Herdiansyah menyoroti indikasi upaya Presiden Joko Widodo (Jokowi) dan koalisi pendukungnya untuk memanipulasi aturan Pilkada 2024 demi mendominasi sejumlah daerah, termasuk DKI Jakarta. Salah satu contohnya adalah dukungan terhadap putra Presiden Jokowi, Kaesang Pangarep, yang ingin mencalonkan diri sebagai Wakil Gubernur Jawa Tengah, meskipun belum memenuhi syarat usia.
“Upaya ini akan dilanjutkan melalui revisi UU Pilkada yang dapat mengabaikan batas konstitusional yang telah ditetapkan oleh MK,” ujar Herdiansyah, yang akrab disapa Castro, pada hari Rabu (21/8).
Ia menekankan bahwa perubahan aturan ini akan merugikan kompetisi politik yang adil dan menguntungkan KIM+ dalam Pilkada 2024. “Dalam Putusan MK Nomor 70/PUU-XXII/2024, MK menegaskan bahwa syarat usia pencalonan kepala daerah dihitung sejak penetapan pasangan calon oleh KPU, bukan saat pelantikan,” katanya.
Hal ini semakin membuka jalan bagi putra Presiden Jokowi untuk maju dalam Pilkada, meski syarat usia belum terpenuhi saat penetapan. Herdiansyah menegaskan bahwa tindakan ini mencerminkan pembangkangan konstitusi dan pamer kekuasaan yang berpotensi merusak demokrasi.

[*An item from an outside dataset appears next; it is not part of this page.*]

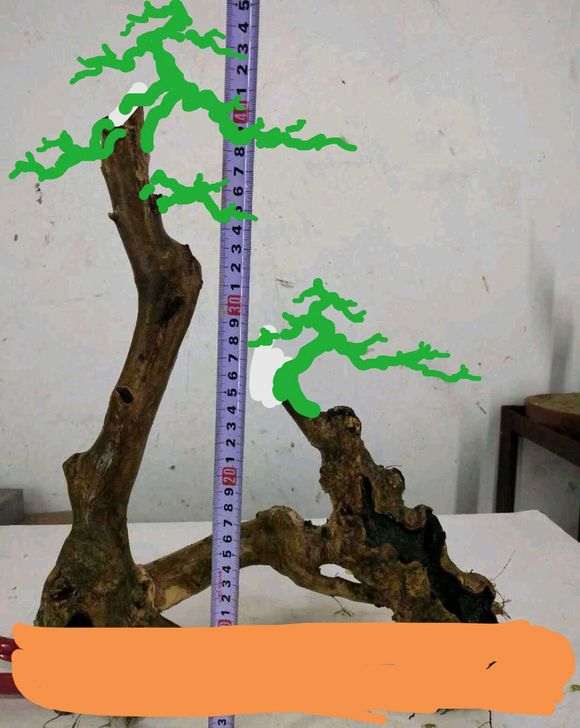 紫薇下山桩养了三个月都木质化 怎么办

“Kami memperingatkan bahwa jika revisi UU Pilkada tetap dilanjutkan dengan mengabaikan putusan MK, maka masyarakat sipil siap melakukan perlawanan demi menjaga supremasi konstitusi dan kedaulatan rakyat,” tegasnya.
CALS, menurut Castro, menyerukan agar Presiden dan DPR segera menghentikan pembahasan Revisi UU Pilkada dan mematuhi Putusan Mahkamah Konstitusi. “Namun, jika revisi ini terus berlanjut, masyarakat sipil akan siap memboikot Pilkada serentak sebagai bentuk perlawanan terhadap tirani dan autokrasi,” tutupnya.